Below are records that hold pictures; write out only the lines from their start through the line with "Therefore, we have", exactly, and drop the pictures.

------ THE RECORDS

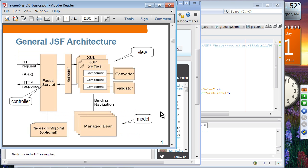This picture shows the JSF architecture. JSF is based on the MVC framework — model-view-controller. The faces servlet plays the role of controller, and managed beans play the role of models.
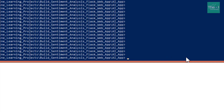Now we will actually create our app instance on the Heroku servers — this is where we specify the name of our app. Let's type the command: 'heroku create sentiment-analysis-01'. The app will be created with that name. You need to provide a unique name, otherwise you will get a message saying the name is already taken, so make sure you choose a unique name.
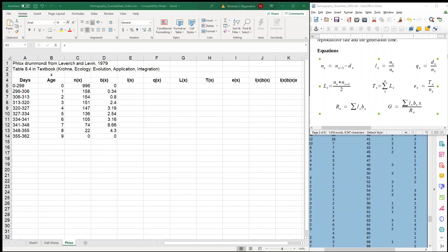We've already worked through one example of a life table, and this is the second example. This example comes from Phlox Drummondi published in Leverich and Levin in 1979. This table is also available as table 8.4 in our textbook, which is David Crony's Ecology, Evolution, Application, and Integration.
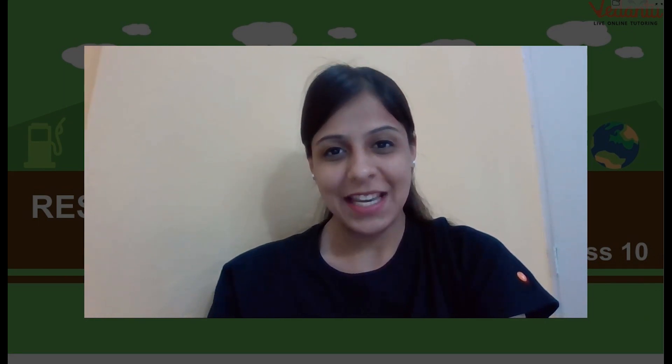Hey guys, welcome back to another session. My name is Ashpreet and today we're going to talk about the first chapter of geography for class 10th — Resources and Development. If you've watched my previous video where we talked about the difference between development and growth, it's pretty clear there's a major difference. If you haven't, please go watch that video first.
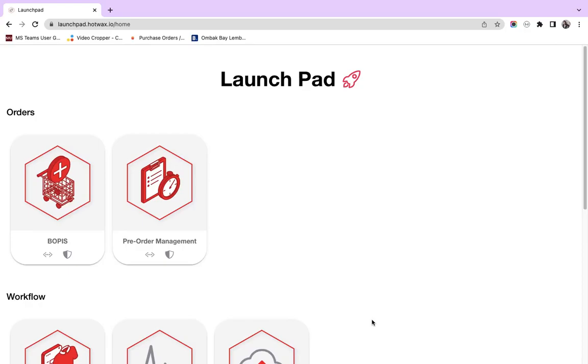Therefore, we have built this launchpad which gives easy access to all the applications and gives you a direct link to open the applications in a new tab.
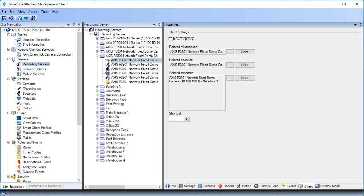On the client tab, you specify which other devices you view and hear when you use the camera in the smart client. You also enable live multicast here. Finally, we'll click the privacy mask tab.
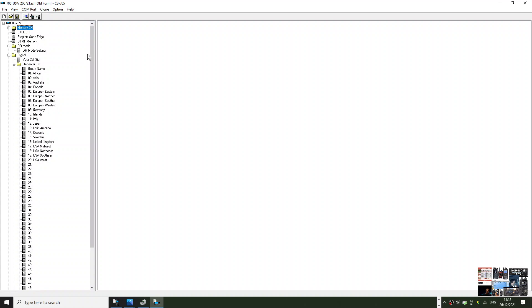I just wanted to show you this. I'm going to put a couple of links in for the USB driver and to download this programming software. Hope it helps, 73, all the best.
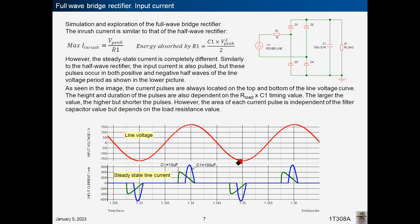The height and duration of the pulses are dependent on the R-load times C1 timing value. The larger the value, the higher but shorter the pulses. At 10 µF pulses are lower but wider; at 100 µF pulses are higher but shorter. However, the area of each current pulse is independent of the filter capacitor value but depends on the load resistance value.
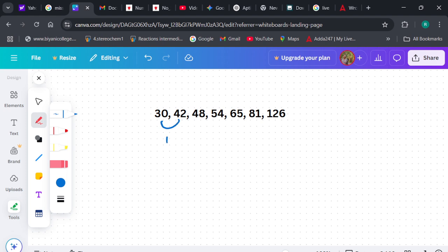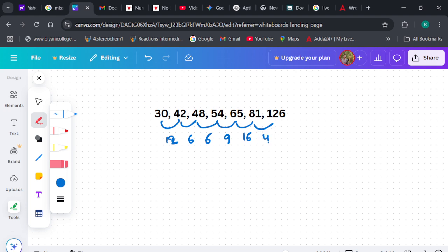Here I see the difference is 12, then 6, then 6, then 9, then 16, and then 45. Now if you haven't done these kinds of questions before, it will be a little difficult to trace because you don't know that patterns can be like this. You need to solve at least around 200 number series questions repeatedly to be confident about identifying these patterns.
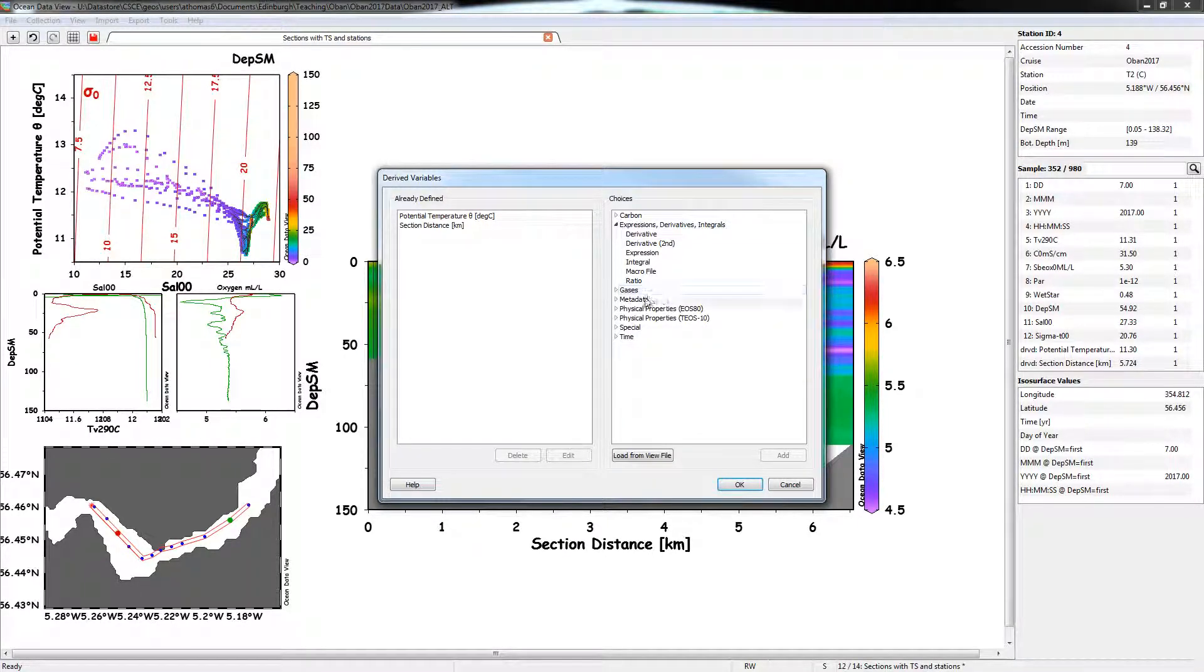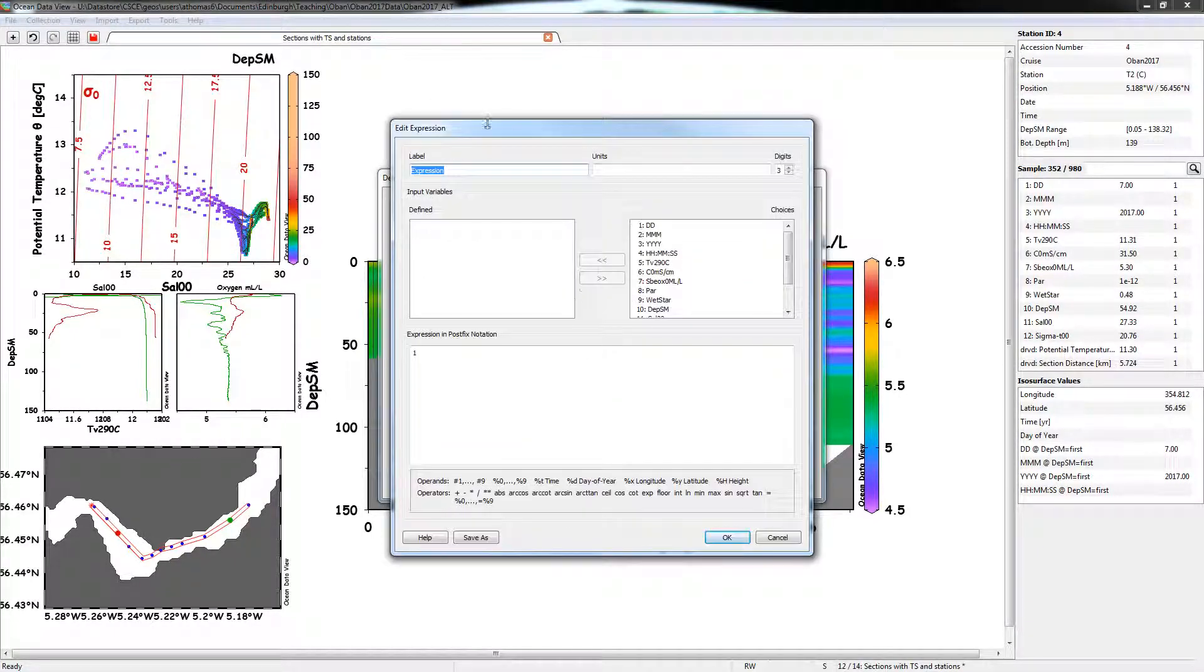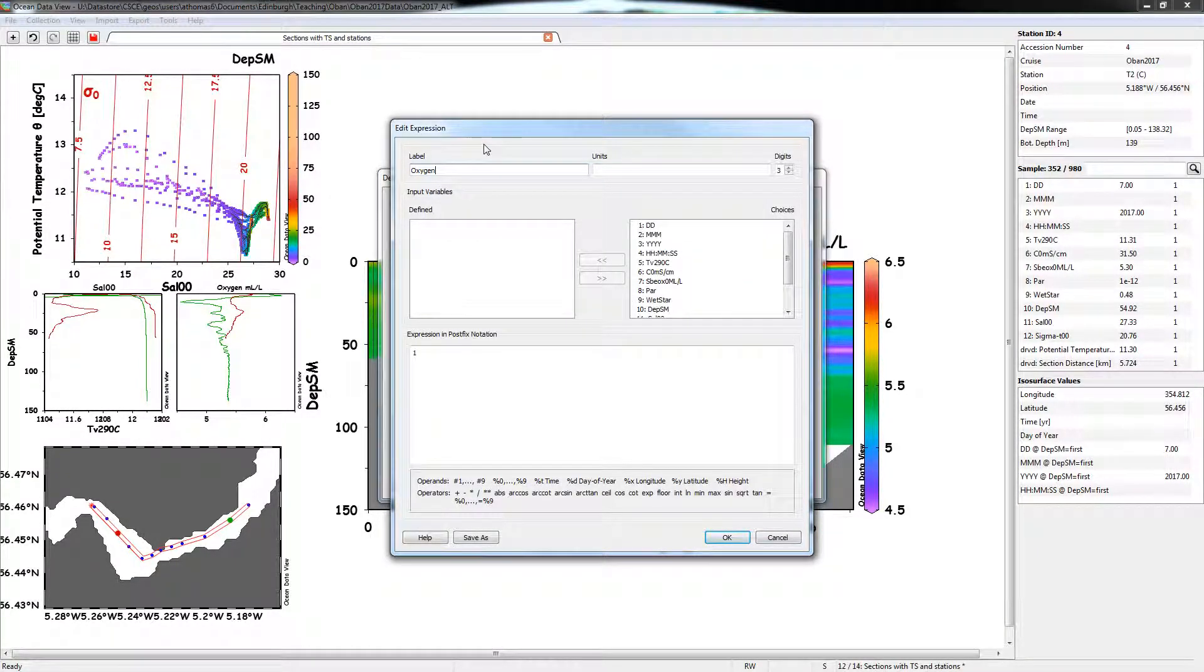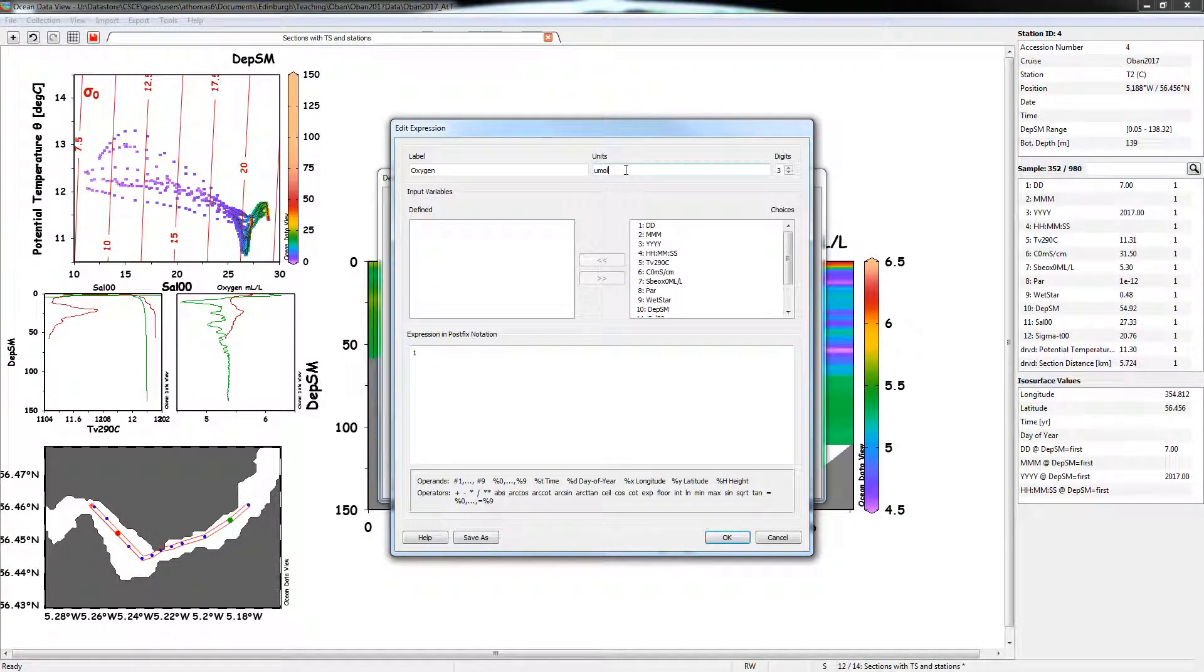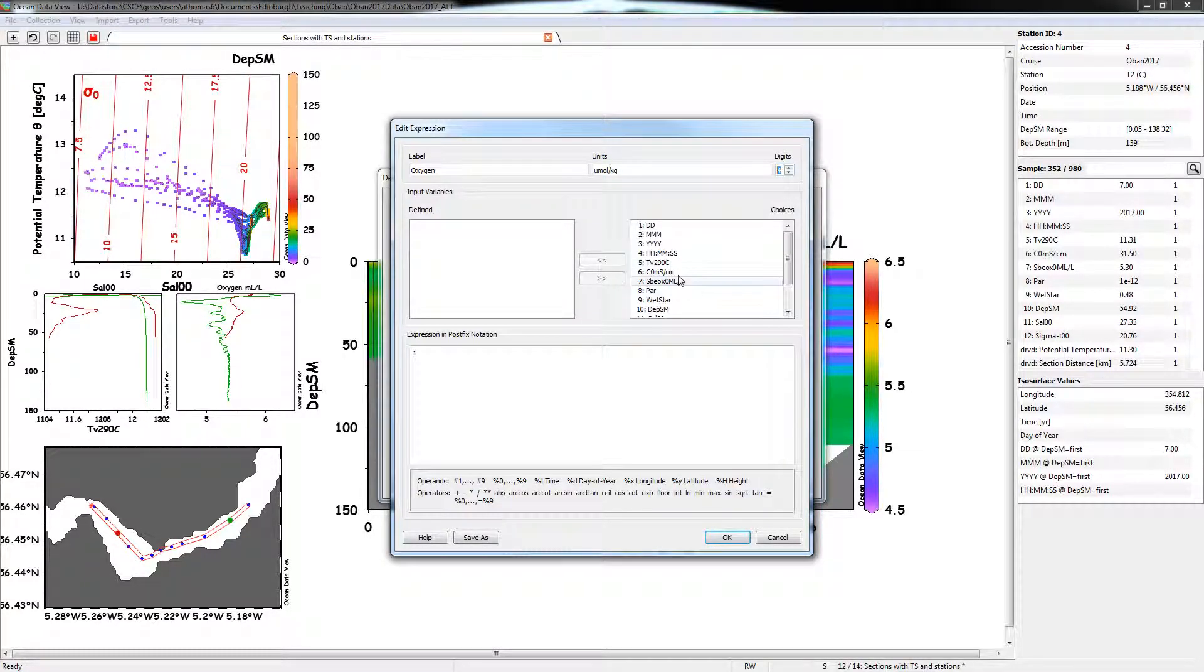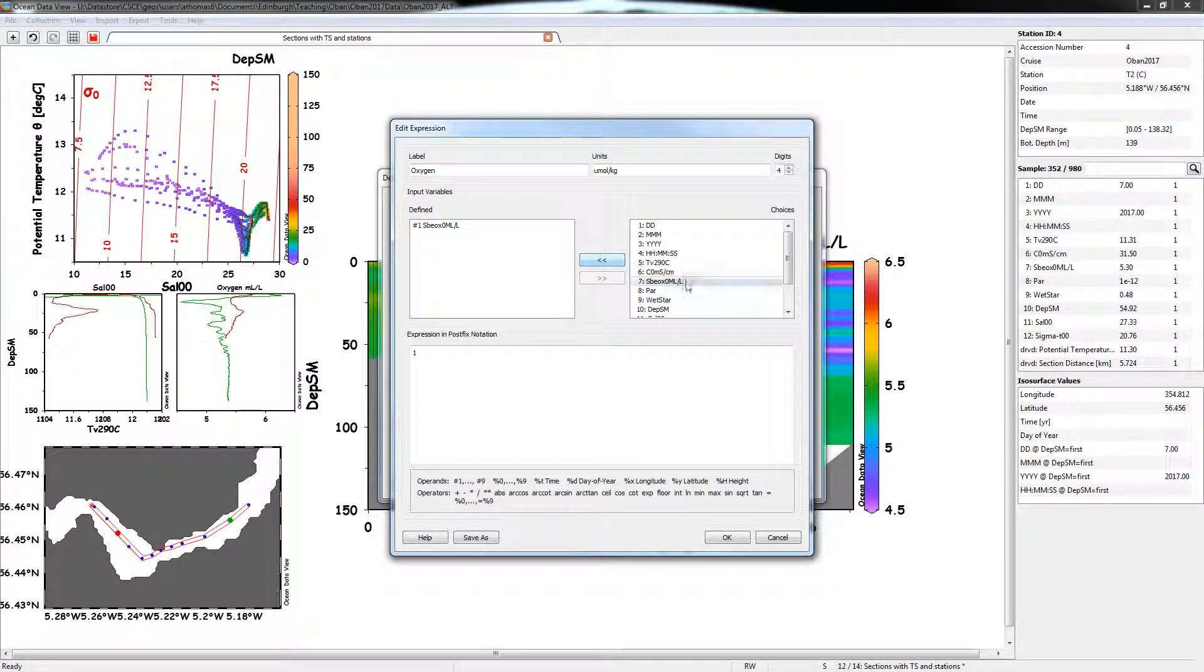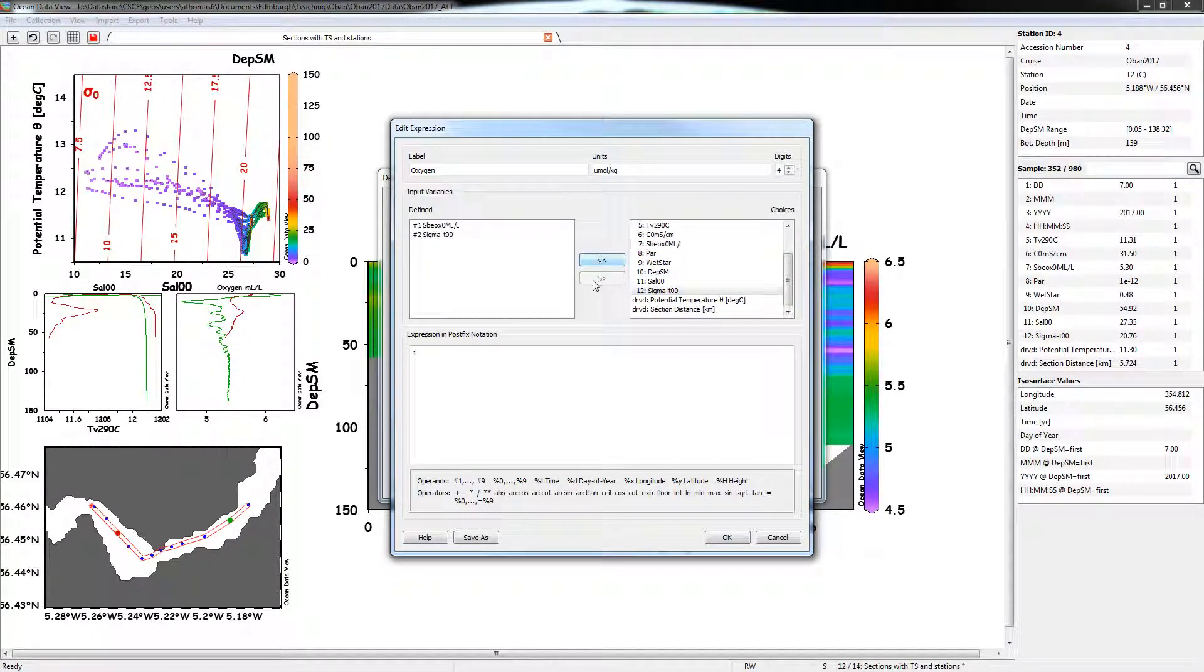So we can then go back now to our derived variable and try and calculate this new thingamajig. So if we go again to expressions, expressions, we're going to add one, it's lost all that stuff we put in before, so oxygen, and the units are going to be micromole per kilogram. Give us some more units. We're going to need the oxygen concentration in milliliters per liter and the density anomaly.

------------

● **TASK ANSWER**:
This picture shows the JSF architecture. JSF is based on the MVC framework — model-view-controller. The faces servlet plays the role of controller, and managed beans play the role of models.
Now we will actually create our app instance on the Heroku servers — this is where we specify the name of our app. Let's type the command: 'heroku create sentiment-analysis-01'. The app will be created with that name. You need to provide a unique name, otherwise you will get a message saying the name is already taken, so make sure you choose a unique name.
We've already worked through one example of a life table, and this is the second example. This example comes from Phlox Drummondi published in Leverich and Levin in 1979. This table is also available as table 8.4 in our textbook, which is David Crony's Ecology, Evolution, Application, and Integration.
Hey guys, welcome back to another session. My name is Ashpreet and today we're going to talk about the first chapter of geography for class 10th — Resources and Development. If you've watched my previous video where we talked about the difference between development and growth, it's pretty clear there's a major difference. If you haven't, please go watch that video first.
Therefore, we have built this launchpad which gives easy access to all the applications and gives you a direct link to open the applications in a new tab.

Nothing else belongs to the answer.